To set limits for an entire invocation of the JDK or JRE, set the system properties on the command line. To set the limits for only a portion of the application, the system properties may be set before the section and cleared afterwards. The following code shows how system properties may be used:
public static final String SP_GENERAL_ENTITY_SIZE_LIMIT = "jdk.xml.maxGeneralEntitySizeLimit"; //set limits using system property System.setProperty(SP_GENERAL_ENTITY_SIZE_LIMIT, "2000"); //this setting will affect all processing after it's set ... //after it is done, clear the property System.clearProperty(SP_GENERAL_ENTITY_SIZE_LIMIT);
Note that the values of the properties are expected to be integers. A NumberFormatException will be thrown if
the value entered does not contain a parsable integer; see the method
parseInt(String)
.
See Samples for more information on downloading the example code.

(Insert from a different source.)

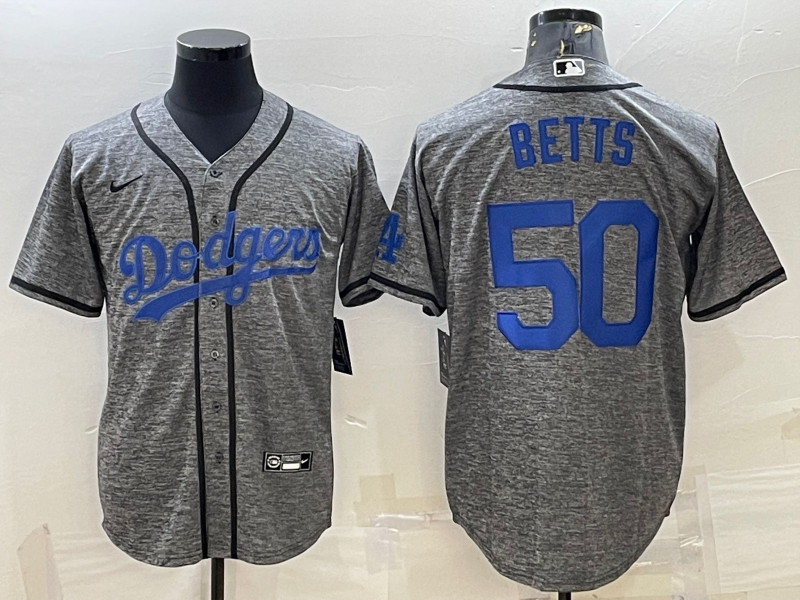 Men's Los Angeles Dodgers Mookie Betts Gray Alternate Replica Player Name Jersey1 baseball jersey product view 1
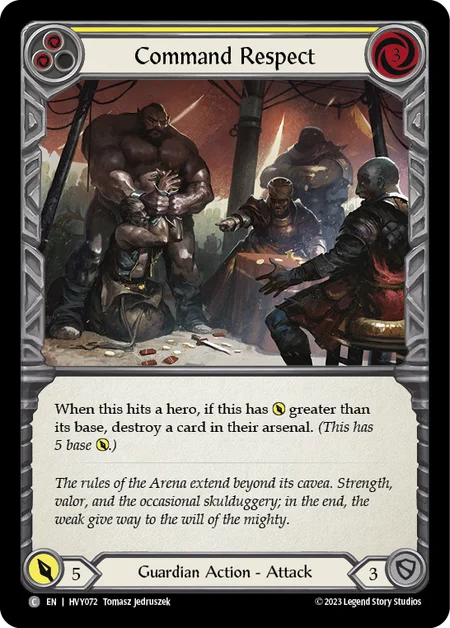 (HVY072) Flesh & Blood TCG Heavy Hitters Single: Command Respect (Yellow) (Regular)  Common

The jaxp.properties file is a configuration file. It is usually located at ${java.home}/lib/jaxp.properties where java.home is the JRE install directory, for example, [path to installation directory]/jdk8/jre.
A limit can be set by adding the following line to the jaxp.properties file:
jdk.xml.maxGeneralEntitySizeLimit=2000
Note that the property name is the same as that of the system property and has the prefix jdk.xml.
The values of the properties are
expected to be integers. A NumberFormatException will be thrown if the value entered does not contain a parsable integer; see the method
parseInt(String)
.
When the property is set in the file, all invocations of the JDK and JRE will observe the limit.